C: Evaluation of Metal-Ligand complex as catalyst of condensation reaction with analysis of results by GC/MS of product mixtures.

The Advanced (Junior/Senior) Laboratory Sequence

Chemistry 351/352/451/452
Junior and senior chemistry majors enroll in successive semesters in Advanced Laboratory: Chemistry 351, 352, 451, and 452. Each of these laboratory courses meets two afternoons per week for a semester. During each course the student focuses his attention on a single semester-long project. In the total four- semester sequence a student generally collaborates with each member of the department for a semester. During a typical project, the student completes a literature search as the basis for a written project proposal, meets weekly with his collaborating professor to discuss the progress of his work, presents at least one research seminar, and completes a formal technical report of his investigations. Thus, by the time of graduation, each chemistry major has completed four extended projects in the various fields of chemistry. Projects involve advanced synthetic techniques in biochemistry and in organic and inorganic chemistry, chemical analysis and structure determination by instrumental methods, computer acquisition and reduction of data, and instrumental development and evaluation. The levels of projects are adjusted for the background of each student and, over the two-year period of Advanced Laboratory experience, projects are selected to give the student a background as wide as, if not wider than, the conventional laboratories operated at other institutions.
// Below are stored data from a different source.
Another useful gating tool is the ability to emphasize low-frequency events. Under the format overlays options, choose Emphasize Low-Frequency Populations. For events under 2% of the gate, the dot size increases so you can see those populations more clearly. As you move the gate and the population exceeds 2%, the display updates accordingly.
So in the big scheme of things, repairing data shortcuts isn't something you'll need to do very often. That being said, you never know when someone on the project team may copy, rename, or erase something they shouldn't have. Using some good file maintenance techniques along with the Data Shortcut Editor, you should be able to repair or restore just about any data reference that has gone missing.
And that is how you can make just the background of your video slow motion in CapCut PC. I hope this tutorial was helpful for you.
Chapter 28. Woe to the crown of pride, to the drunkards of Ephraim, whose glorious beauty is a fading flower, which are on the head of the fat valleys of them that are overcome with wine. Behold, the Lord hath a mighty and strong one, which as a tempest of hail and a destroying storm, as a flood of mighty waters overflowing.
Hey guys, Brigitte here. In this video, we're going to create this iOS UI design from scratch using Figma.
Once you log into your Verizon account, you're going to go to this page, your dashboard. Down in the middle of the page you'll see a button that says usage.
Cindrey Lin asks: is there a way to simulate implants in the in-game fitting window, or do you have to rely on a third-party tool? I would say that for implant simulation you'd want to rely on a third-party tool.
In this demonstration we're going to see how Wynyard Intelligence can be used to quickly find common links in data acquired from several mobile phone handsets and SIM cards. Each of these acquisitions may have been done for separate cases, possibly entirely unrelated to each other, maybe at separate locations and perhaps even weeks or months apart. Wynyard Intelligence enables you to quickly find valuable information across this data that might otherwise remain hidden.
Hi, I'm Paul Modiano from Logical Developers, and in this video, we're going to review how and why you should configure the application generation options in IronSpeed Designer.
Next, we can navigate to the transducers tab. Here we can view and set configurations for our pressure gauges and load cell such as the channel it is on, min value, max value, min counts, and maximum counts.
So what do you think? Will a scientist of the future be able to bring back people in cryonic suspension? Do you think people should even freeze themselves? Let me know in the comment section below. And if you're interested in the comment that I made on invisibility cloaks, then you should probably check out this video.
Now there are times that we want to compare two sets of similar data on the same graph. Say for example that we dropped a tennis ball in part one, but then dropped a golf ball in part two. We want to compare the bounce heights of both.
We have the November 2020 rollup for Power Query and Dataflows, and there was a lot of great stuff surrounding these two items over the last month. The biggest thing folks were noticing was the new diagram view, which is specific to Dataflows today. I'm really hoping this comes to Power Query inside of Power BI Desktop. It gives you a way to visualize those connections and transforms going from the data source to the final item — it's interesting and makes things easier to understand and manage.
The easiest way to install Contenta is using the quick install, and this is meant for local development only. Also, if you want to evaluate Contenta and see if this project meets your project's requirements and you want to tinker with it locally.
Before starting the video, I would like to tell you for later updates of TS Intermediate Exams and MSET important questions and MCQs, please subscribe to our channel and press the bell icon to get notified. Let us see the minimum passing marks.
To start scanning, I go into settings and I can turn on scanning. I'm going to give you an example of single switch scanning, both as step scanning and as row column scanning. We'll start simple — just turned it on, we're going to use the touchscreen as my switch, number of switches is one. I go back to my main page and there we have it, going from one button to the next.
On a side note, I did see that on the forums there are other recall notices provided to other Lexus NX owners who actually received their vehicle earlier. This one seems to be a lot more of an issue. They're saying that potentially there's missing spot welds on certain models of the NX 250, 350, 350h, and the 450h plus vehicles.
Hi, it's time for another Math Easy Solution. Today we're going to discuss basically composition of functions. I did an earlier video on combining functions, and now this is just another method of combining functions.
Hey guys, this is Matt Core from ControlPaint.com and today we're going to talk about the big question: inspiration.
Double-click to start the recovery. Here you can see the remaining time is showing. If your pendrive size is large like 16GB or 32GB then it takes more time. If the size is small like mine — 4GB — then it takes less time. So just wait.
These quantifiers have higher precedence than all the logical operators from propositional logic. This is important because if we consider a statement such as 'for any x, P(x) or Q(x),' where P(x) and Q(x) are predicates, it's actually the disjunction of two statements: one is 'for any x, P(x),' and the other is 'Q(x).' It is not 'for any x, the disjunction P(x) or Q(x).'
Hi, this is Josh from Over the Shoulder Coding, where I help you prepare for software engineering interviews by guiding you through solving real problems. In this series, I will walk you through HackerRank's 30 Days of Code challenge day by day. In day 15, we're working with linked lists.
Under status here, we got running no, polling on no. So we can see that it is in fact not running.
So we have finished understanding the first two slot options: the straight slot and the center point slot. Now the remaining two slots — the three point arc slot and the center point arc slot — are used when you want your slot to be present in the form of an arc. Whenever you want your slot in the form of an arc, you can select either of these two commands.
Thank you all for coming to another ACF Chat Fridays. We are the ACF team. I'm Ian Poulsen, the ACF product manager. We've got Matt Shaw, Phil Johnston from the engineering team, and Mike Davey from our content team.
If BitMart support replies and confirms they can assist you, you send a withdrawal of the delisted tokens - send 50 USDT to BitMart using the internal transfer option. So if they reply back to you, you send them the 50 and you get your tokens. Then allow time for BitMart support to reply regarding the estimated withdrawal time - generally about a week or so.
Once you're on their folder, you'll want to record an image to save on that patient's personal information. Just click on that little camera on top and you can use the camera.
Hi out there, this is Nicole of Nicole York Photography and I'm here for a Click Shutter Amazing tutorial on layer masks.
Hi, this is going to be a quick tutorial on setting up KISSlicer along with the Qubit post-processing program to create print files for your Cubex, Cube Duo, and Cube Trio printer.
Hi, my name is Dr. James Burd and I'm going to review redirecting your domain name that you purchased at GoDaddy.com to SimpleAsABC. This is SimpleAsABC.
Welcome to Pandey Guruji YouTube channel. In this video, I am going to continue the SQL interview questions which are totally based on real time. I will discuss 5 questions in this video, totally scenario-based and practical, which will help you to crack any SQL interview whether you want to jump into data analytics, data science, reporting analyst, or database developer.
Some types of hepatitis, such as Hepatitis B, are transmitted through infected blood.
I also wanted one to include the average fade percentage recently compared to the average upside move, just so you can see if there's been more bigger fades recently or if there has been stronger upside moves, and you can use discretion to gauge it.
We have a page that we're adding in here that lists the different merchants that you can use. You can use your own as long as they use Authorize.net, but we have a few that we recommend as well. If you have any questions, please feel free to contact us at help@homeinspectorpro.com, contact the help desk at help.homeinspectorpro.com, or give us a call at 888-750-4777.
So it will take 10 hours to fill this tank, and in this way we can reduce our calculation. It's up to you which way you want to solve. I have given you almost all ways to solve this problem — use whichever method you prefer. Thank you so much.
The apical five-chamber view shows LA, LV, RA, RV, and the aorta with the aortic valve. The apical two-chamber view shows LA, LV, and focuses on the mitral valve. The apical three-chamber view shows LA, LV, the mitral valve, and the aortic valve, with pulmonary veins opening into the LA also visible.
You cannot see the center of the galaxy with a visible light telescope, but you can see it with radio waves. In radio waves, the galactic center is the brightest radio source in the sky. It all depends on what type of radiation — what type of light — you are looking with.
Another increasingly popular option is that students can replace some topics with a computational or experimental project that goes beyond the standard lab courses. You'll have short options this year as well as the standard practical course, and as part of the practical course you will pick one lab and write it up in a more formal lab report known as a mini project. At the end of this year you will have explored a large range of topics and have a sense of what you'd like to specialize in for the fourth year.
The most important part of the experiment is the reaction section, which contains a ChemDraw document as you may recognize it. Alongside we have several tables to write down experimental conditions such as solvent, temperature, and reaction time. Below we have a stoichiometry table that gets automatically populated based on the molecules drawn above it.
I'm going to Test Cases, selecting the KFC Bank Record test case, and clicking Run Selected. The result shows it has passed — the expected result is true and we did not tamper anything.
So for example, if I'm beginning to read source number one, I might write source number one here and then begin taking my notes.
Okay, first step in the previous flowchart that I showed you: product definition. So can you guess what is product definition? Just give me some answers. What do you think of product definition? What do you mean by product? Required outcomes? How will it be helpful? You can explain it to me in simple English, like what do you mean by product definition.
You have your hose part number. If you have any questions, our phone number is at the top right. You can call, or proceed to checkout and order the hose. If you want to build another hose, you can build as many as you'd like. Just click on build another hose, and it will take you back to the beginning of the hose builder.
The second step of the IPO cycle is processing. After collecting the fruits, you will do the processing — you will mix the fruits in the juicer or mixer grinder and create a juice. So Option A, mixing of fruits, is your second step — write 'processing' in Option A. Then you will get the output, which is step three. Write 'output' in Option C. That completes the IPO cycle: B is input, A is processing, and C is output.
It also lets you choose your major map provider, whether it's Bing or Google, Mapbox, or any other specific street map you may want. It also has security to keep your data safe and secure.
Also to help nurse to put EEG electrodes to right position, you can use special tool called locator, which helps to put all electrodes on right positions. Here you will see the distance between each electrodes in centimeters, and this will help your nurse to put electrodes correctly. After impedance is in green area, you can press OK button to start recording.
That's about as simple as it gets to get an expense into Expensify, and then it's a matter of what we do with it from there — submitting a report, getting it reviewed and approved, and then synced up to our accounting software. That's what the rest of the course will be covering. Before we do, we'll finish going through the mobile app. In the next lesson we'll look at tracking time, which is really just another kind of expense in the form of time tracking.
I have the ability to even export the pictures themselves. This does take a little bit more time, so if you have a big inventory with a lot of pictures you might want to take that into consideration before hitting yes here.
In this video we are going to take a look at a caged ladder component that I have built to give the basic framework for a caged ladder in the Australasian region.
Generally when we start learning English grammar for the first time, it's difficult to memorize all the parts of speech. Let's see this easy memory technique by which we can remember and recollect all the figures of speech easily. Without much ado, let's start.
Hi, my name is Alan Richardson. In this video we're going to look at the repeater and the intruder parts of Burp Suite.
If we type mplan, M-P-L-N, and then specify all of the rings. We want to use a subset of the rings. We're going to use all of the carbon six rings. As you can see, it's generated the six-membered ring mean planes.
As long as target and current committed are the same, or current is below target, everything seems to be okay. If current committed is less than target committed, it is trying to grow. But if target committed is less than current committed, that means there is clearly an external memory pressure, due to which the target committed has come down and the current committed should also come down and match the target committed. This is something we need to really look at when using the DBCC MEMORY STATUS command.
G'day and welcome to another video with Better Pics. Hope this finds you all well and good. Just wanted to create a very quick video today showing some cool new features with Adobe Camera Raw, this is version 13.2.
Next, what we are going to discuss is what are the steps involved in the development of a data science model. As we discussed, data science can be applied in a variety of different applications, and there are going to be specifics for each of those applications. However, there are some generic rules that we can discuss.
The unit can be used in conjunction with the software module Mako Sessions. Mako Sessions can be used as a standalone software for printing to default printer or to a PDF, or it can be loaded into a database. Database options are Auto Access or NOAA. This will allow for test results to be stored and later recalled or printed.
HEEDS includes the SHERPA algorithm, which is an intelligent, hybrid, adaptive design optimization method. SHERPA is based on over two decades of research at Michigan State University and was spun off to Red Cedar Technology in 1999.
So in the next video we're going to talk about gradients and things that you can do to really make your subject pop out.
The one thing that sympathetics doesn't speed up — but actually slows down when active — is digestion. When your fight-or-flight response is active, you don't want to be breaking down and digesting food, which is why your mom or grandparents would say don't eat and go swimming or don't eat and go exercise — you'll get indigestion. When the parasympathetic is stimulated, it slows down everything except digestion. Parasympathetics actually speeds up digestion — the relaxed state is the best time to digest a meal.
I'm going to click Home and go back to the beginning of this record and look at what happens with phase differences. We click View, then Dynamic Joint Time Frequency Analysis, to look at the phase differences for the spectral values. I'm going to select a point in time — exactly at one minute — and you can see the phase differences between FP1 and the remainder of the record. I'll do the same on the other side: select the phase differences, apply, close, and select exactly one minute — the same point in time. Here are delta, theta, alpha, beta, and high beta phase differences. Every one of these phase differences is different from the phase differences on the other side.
The success of the laboratory program is dependent on three factors: First, the laboratory is carefully controlled: In addition to nominal supervision while he works, the student has a weekly 30 minute "research" conference with the professor in charge of his project. To that conference the student brings a brief written research report that recounts his work of the previous week, evaluates the significance of the work in relation to his overall project, and plans his work for the forthcoming week. His report is examined, his progress is discussed and compared with his previous plan of action, and that plan is reviewed and revised as necessary. Second, the student has received attitudinal and technical preparation from the introductory laboratories. When he enters Advanced Lab, he has used VPC, IR, and NMR as routine tools in pursuing earlier projects. He has synthesized several organic and coordination com- pounds, and has characterized them with the spectral techniques mentioned above; he has repeatedly used both the primary and secondary literature and has written journal-style reports. Most important, he has been induced to think for himself: to find relevant literature, to design experiments, to carry these out (and repeat them if necessary), and to cope with unexpected results. Third, the program works because the projects are tailored to suit the student's needs, interests, abilities, and background, and because the students find the projects interesting. This last point is crucial: there are few problems of motivation when laboratory work closely approximates real chemistry, done as a real chemist would do it, using the most modern techniques.

The program as outlined above is challenging for undergraduates. That it is successful is evidenced by the number and quality of chemistry majors and by the success of recent graduates (over 80% of whom have gone on to graduate or professional school).